*** Begin section ***

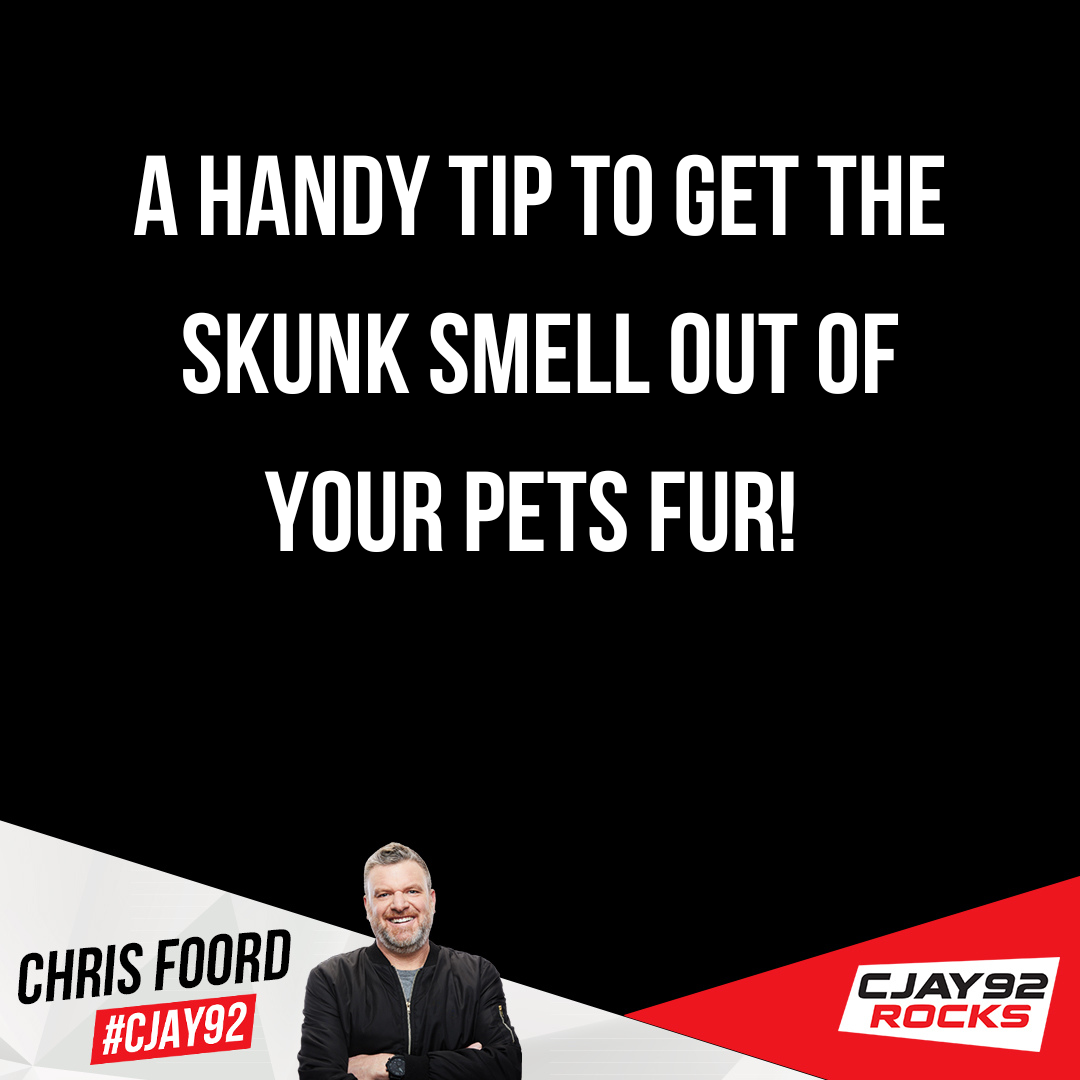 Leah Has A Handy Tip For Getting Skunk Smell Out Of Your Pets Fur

*** End section ***
*** Begin section ***

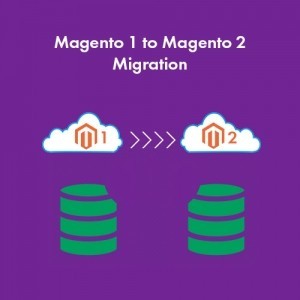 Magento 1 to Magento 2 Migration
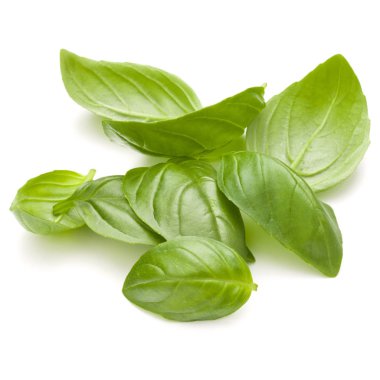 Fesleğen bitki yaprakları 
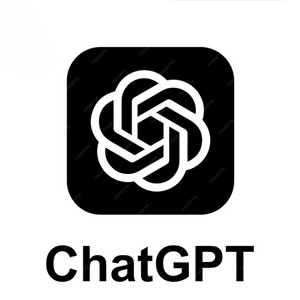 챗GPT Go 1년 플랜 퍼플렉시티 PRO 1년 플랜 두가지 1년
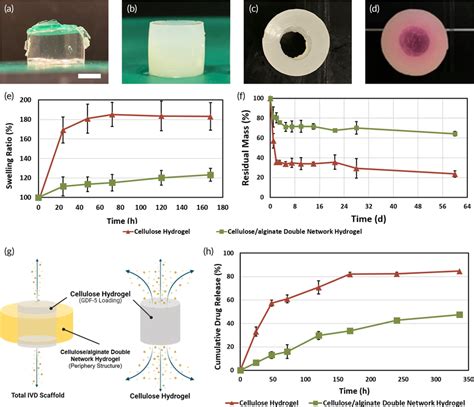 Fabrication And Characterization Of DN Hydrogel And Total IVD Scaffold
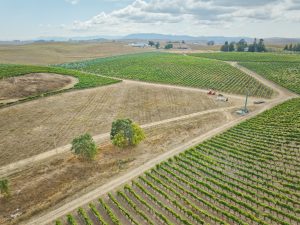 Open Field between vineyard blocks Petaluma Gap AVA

*** End section ***

__ACTION ITEM__. What's needed is an exact copy of the records above from the line containing "챗GPT Go 1년 플랜 퍼플렉시티 PRO 1년 플랜 두가지 1년" down to the line containing "Open Field between", both included, without any pictures.

__SOLUTION TO THIS PROBLEM__.
 챗GPT Go 1년 플랜 퍼플렉시티 PRO 1년 플랜 두가지 1년
 Fabrication And Characterization Of DN Hydrogel And Total IVD Scaffold
 Open Field between vineyard blocks Petaluma Gap AVA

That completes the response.